Since the collapse of communism, a new generation of iconographers and artists specialising in religious art has appeared. New examples of church architecture have also been created, such as a wooden chapel, an homage to 16th- and 17th-century tented roof churches, at Butovsky polygon, a killing field on the edge of Moscow where at least 20,000 people were shot and buried from August 1937 through October 1938. 



Several hundred of the victims have been canonised as “new martyrs” of the Russian Orthodox Church, and are depicted on new icons. Nicholas II and his family, canonised in 2000, are now also frequently depicted on icons. But the quality of icons, which are traditionally painted slowly and reflectively, has been affected by the speed with which many of them are now produced to meet market demands and fill the empty walls of newly restored churches. “On the surface everything is right, but there is no substance,” said Aleksander Kopirovsky, a specialist in church art at the St Philaret's Orthodox Christian Institute in Moscow.

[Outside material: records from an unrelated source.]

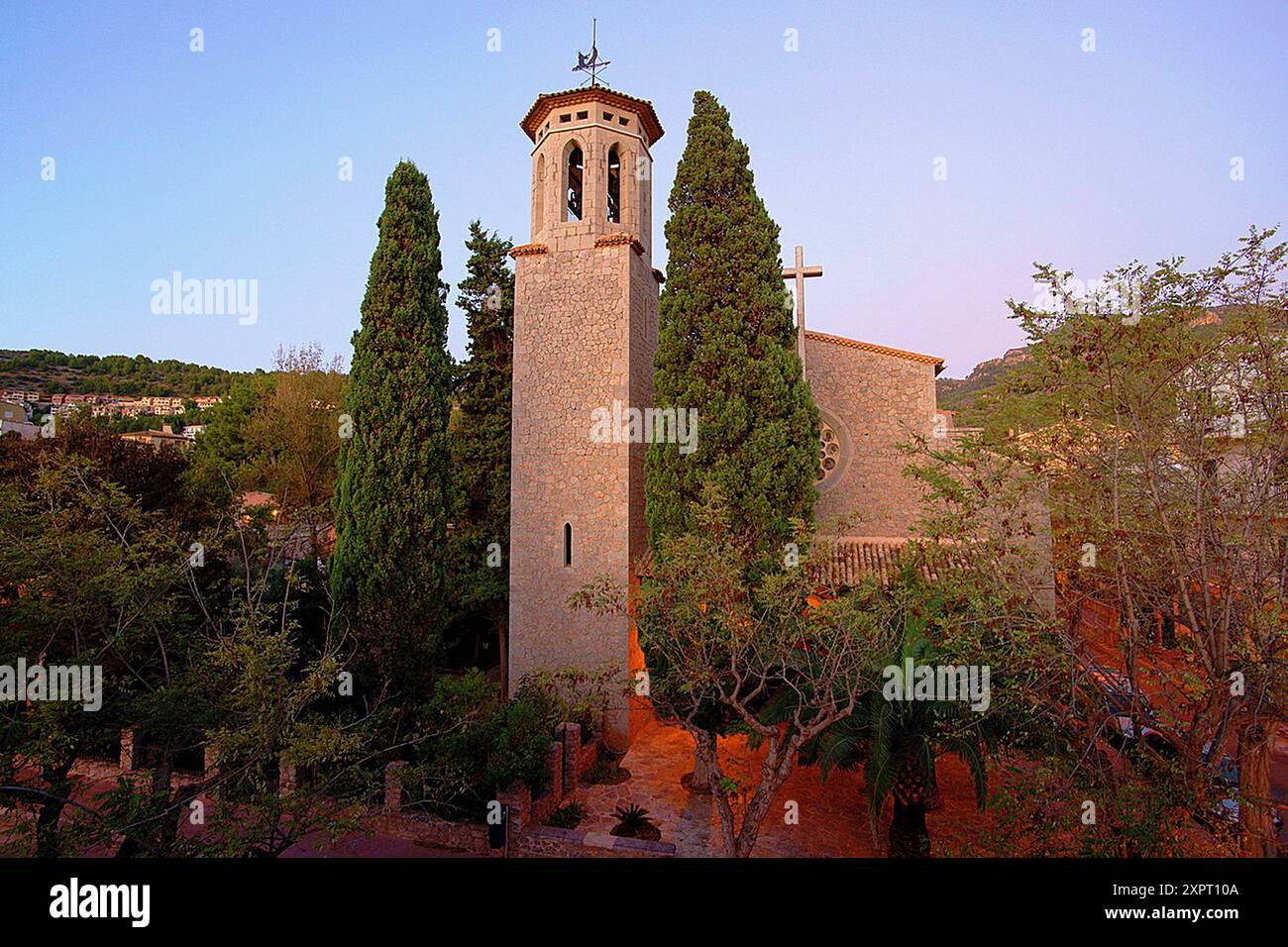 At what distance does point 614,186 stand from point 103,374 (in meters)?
58.7

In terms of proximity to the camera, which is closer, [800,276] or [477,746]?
[477,746]

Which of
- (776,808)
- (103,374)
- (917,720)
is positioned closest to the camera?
(917,720)

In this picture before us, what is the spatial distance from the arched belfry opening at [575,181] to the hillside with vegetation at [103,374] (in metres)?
42.5

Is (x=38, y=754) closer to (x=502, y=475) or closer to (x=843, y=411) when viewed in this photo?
(x=502, y=475)

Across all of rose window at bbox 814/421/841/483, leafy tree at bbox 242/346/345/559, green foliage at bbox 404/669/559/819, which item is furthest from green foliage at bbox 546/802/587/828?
leafy tree at bbox 242/346/345/559

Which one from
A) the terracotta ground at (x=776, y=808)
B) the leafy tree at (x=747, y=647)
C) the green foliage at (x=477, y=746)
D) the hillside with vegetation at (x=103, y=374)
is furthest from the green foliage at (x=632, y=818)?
the hillside with vegetation at (x=103, y=374)

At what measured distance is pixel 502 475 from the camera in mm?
14508

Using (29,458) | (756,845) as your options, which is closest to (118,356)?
(29,458)

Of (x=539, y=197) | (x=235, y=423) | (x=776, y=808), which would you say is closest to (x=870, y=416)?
(x=539, y=197)

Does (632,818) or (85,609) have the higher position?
(85,609)

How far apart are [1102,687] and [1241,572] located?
150 centimetres

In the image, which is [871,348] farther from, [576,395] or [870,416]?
[576,395]

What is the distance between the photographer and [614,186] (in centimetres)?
1370

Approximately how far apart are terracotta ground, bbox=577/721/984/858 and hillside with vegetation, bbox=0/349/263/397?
47841 mm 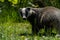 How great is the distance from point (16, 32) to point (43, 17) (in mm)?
949

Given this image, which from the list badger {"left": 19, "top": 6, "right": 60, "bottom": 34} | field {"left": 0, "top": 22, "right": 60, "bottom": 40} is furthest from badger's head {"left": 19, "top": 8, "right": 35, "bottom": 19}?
field {"left": 0, "top": 22, "right": 60, "bottom": 40}

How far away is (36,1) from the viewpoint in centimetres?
Answer: 1078

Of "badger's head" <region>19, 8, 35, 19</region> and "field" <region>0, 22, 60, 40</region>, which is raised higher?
"badger's head" <region>19, 8, 35, 19</region>

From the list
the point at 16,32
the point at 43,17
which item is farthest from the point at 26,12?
the point at 16,32

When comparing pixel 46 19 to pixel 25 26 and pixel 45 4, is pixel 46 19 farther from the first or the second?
pixel 45 4

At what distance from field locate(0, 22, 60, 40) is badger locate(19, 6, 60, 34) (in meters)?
0.39

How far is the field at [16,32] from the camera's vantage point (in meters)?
5.37

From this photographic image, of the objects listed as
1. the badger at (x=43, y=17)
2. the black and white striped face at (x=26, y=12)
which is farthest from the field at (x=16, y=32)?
the black and white striped face at (x=26, y=12)

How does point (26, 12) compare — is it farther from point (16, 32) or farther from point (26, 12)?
point (16, 32)

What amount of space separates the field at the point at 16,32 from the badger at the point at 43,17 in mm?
392

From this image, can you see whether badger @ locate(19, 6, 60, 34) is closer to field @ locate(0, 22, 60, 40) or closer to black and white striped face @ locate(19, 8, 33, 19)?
black and white striped face @ locate(19, 8, 33, 19)

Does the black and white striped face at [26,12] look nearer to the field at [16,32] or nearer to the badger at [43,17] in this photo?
the badger at [43,17]

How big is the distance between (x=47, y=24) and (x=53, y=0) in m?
3.26

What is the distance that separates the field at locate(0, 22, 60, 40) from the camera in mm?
5370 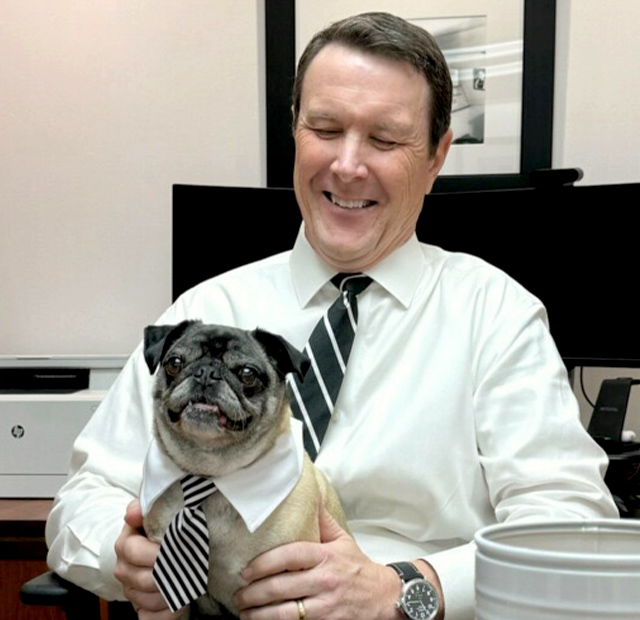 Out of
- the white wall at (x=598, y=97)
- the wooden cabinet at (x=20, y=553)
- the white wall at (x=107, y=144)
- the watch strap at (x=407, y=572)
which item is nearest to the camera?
the watch strap at (x=407, y=572)

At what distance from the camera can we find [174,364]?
1.03m

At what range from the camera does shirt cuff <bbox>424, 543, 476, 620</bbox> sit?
1.24 meters

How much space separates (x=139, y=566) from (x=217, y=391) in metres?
0.30

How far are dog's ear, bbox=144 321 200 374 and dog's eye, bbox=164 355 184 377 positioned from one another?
35 millimetres

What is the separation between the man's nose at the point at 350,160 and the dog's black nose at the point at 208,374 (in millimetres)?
551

Thousands of churches were destroyed across Russia during the Soviet era, or turned into warehouses, clubs, hospitals or museums. Toilets were often installed in place of altars, and frescoes on walls and ceilings were wiped out or whitewashed. The construction of new houses of worship was banned. Icons were smashed, burned, or sold abroad to fill Soviet coffers. Iconographers were killed by the Bolsheviks or became Soviet artists, such as Pavel Korin, who created mosaics for the Moscow metro. Indeed, after the Cathedral of Christ the Saviour was razed to the ground on Stalin’s orders in 1931, fragments were used to decorate elaborate new metro stations. Reconstruction of the cathedral was begun in the 1990s and was completed in 2000.



Some critics have derided the 200 churches programme as an ecclesiastical version of prefabricated Soviet architecture. Yuri Grigoriev, the deputy director of the architectural institute that is overseeing their construction, has defended the programme, saying the churches will have amenities such as wheelchair ramps, which are still very rare in Russia.



The Reverend Georgy Mitrofanov, a historian who is often critical of the official Church, says that the Russian Church should, in general, focus on restoring souls. In an interview published on www.portal-credo.ru, a Russian religion news site, he said that in some cases it would be better to leave the ruins of a church as a reminder of Soviet destruction and build a smaller church nearby. “These ruins would remind us what we did not only with church buildings, but to the Church and to our own souls,” he said. “Such a monument would be extremely appropriate.”